Regia di Andreas Marschall vedi scheda film
Fantastico esempio di cinema horror di altissima qualità, che prende spunto da un capolavoro senza tuttavia rimanere al livello di copia. Un aggiornamento sorprendente di un titolo (Suspiria) fondamentale nella filmografia di Dario Argento.
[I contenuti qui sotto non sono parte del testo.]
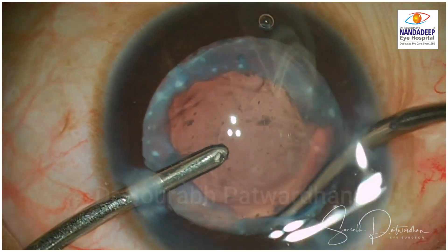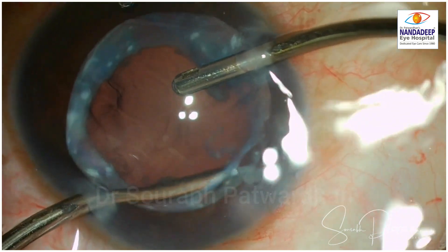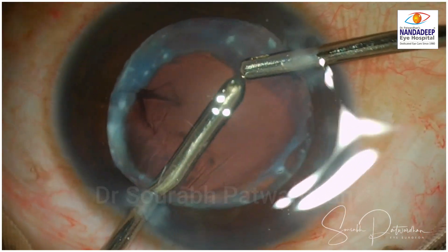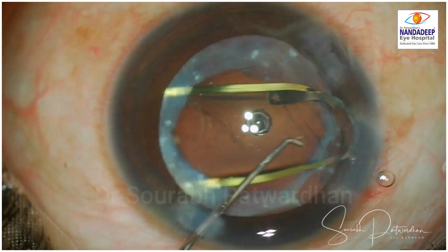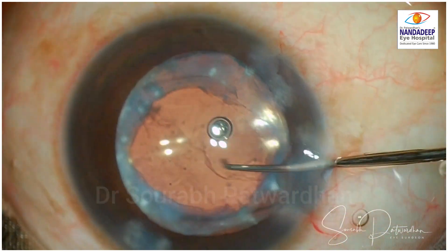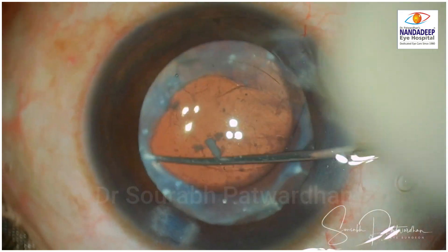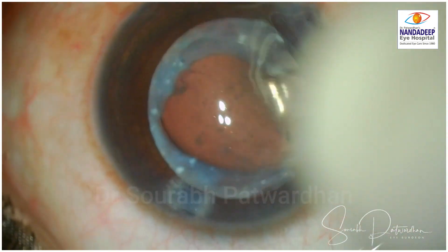Here I am using irrigation rather than aspiration to tease that sticky cortex out. It is always safer because you are not actively aspirating — you can use a little bit of force. With aspiration you can catch hold of the posterior capsule or peripheral capsule and cause dialysis or a tear. So in these cases it is a good idea to use the irrigation cannula and use the force of the fluid to tease out those loose particles or cortical elements.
Berlino. Stella (Susen Ermich), aspirante attrice teatrale, non supera un provino di ammissione basato sulla tragedia Elettra di Sofocle ma su consiglio di un esaminatore, favorevolmente colpito dalla esibizione, viene indirizzata presso l'Accademia di recitazione e danza "Matteusz Gdula". L'arrivo non è certo dei migliori, poiché s'imbatte in una studentessa che, sperduta, sembra fuggire dall'edificio. Nemmeno l'accoglienza delle altre allieve avviene nel migliore dei modi. Stella lega, però, con Cecile (Julita Witt) dalla quale apprende che un'ala segreta dell'istituto è riservata ad una pratica di insegnamento estremo. Indagando su internet la ragazza scopre che nel 1973 un fatto di sangue con massacro di massa, aveva portato alla luce l'attività criminale condotta da Matteusz Gdula: più che insegnare l'uomo, facendo uso di droga e violenza, abusava degli alunni inducendoli in un alterato stato di dipendenza psicologica. Intanto fatti violenti avvengono nei dintorni della scuola: vengono uccise, con appuntiti stiletti, due allieve (una era quella incontrata da Stella all'arrivo); poi un giornalista che si è introdotto nell'area segreta della struttura.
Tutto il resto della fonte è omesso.